Israel's consumer price inflation rate eased to minus 0.2 percent in December from 0.3 percent in November. Israel has experienced deflation since September 2014.
But the BOI added inflation was "on an upward trend," with the impact of administrative price cuts dissipating while energy prices were steady on an annual basis.
Short-term inflation expectation still remain below the central bank's target while longer-term expectations remain anchored near the target's midpoint and financial markets pricing in a high probability of an interest rate increase to 0.25 percent in about a year, the BOI said.
"The picture of real economic activity remains positive," the central bank said, adding that data indicated a recovery of manufacturing exports after a prolonged decline since 2015.
Israel's economy grew by an annual rate of 3.8 percent in the third quarter of last year, up from 3.6 percent in the second quarter.
After falling sharply in the second half of 2014, Israel's shekel has been slowly firming and has appreciated by 6.2 percent over the past 12 months in terms of nominal effective exchange rate.

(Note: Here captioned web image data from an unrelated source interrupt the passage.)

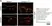 Anti Human CD49f Antibody, clone NKI-GoH3 thumbnail image 3
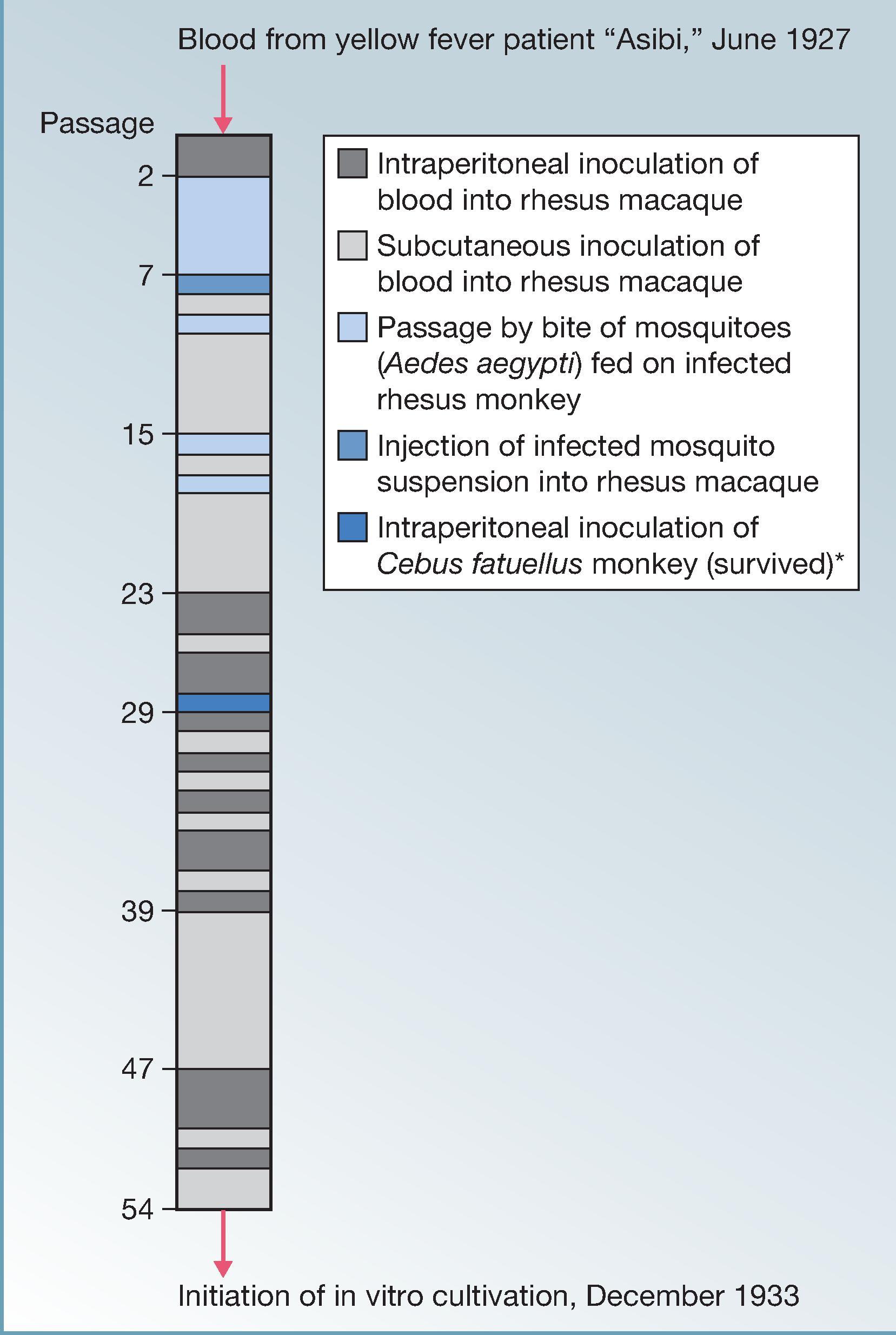 Fig. 64.7, Passage history of Asibi virus from original isolation to the initiation of in vitro culture for development of the 17D vaccine. *This inoculation is not counted by the authors but represents a passage in the history of Asibi virus before cultivation in vitro.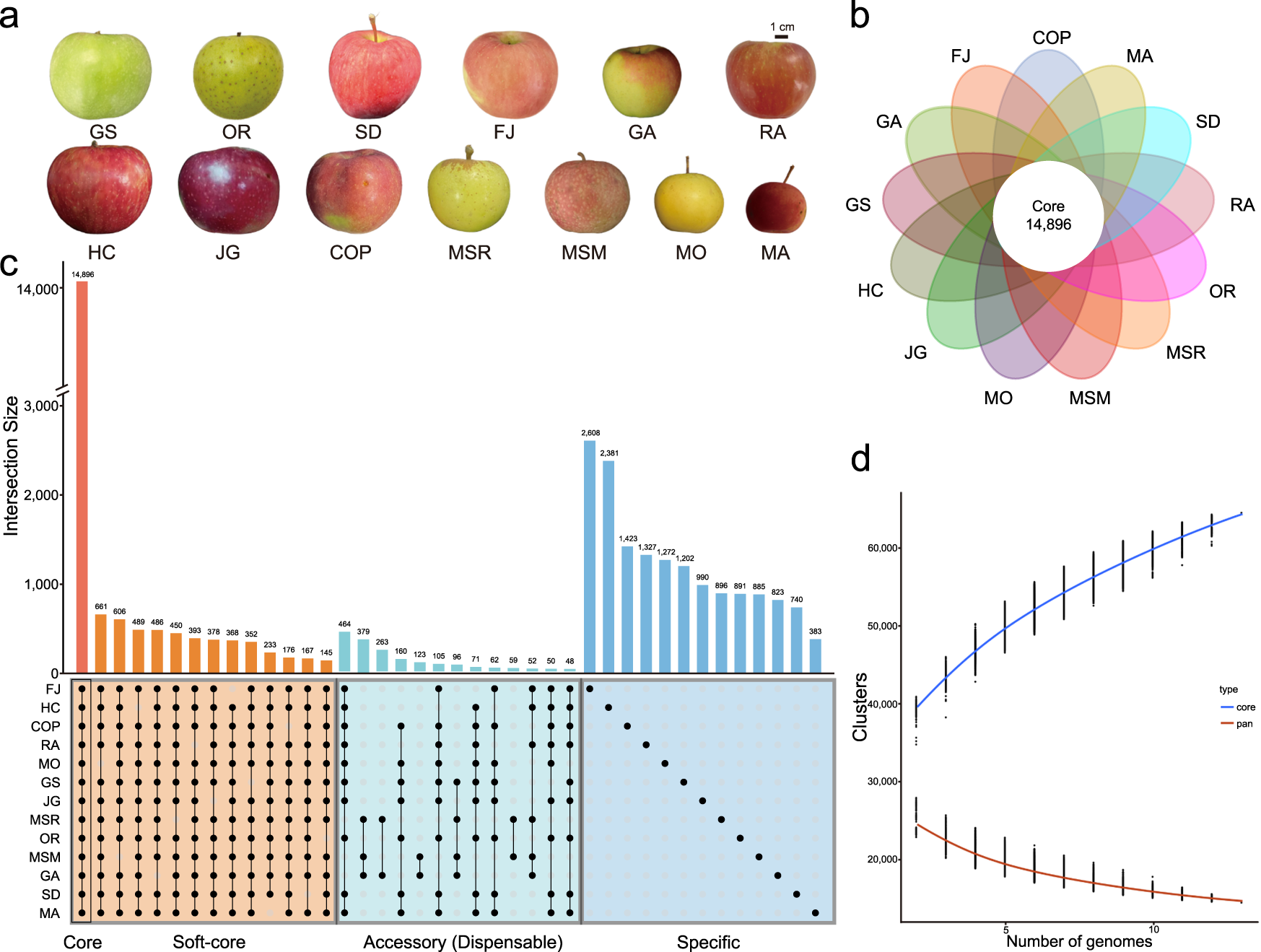 Scientists Sequence Honeycrisp Apple Genome- Crop Biotech Update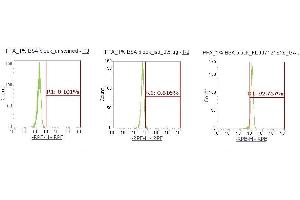 Flow Cytometry (FACS) image for anti-Glycyl-tRNA Synthetase (GARS) (AA 43-289) antibody (PE) (ABIN5565503) (GARS 抗体  (AA 43-289) (PE))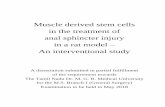 Muscle derived stem cells in the treatment of anal sphincter injury repository- · PDF file 2018-08-07 · derived stem cells in the treatment of anal sphincter injury in a rat model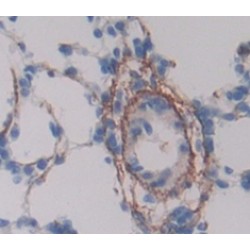 Endothelial Cell Adhesion Molecule (ESAM) Antibody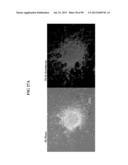 COMPOSITIONS AND METHODS FOR REPROGRAMMING MAMMALIAN CELLS diagram and image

"The level of the effective exchange rate continues to weigh on the development of goods exports," the BOI said.
The Bank of Israel issued the following statement with its main considerations behind its policy decision:
"The decision to keep the interest rate for February 2017 unchanged at 0.1 percent is consistent with the Bank of Israel's monetary policy, which is intended to return the inflation rate to within the price stability target range of 1–3 percent a year, and to support growth while maintaining financial stability. The Monetary Committee continues to assess that in view of the inflation environment, and of developments in the global economy, in the exchange rate, as well as in monetary policies of major central banks, monetary policy will remain accommodative for a considerable time.
Following are the main considerations underlying the decision:
· The CPI for December was unchanged, in line with expectations. The inflation rate was negative in 2016, but is on an upward trend. The direct effect of administrative price reductions is dissipating, and energy prices remained unchanged, as measured over the preceding 12 months. The low rate of inflation reflects the effect of the appreciation, and possibly structural change and enhanced competition in the economy. Short-term inflation expectations are below the target, while longer term expectations derived from the capital market remain anchored near the midpoint of the target range.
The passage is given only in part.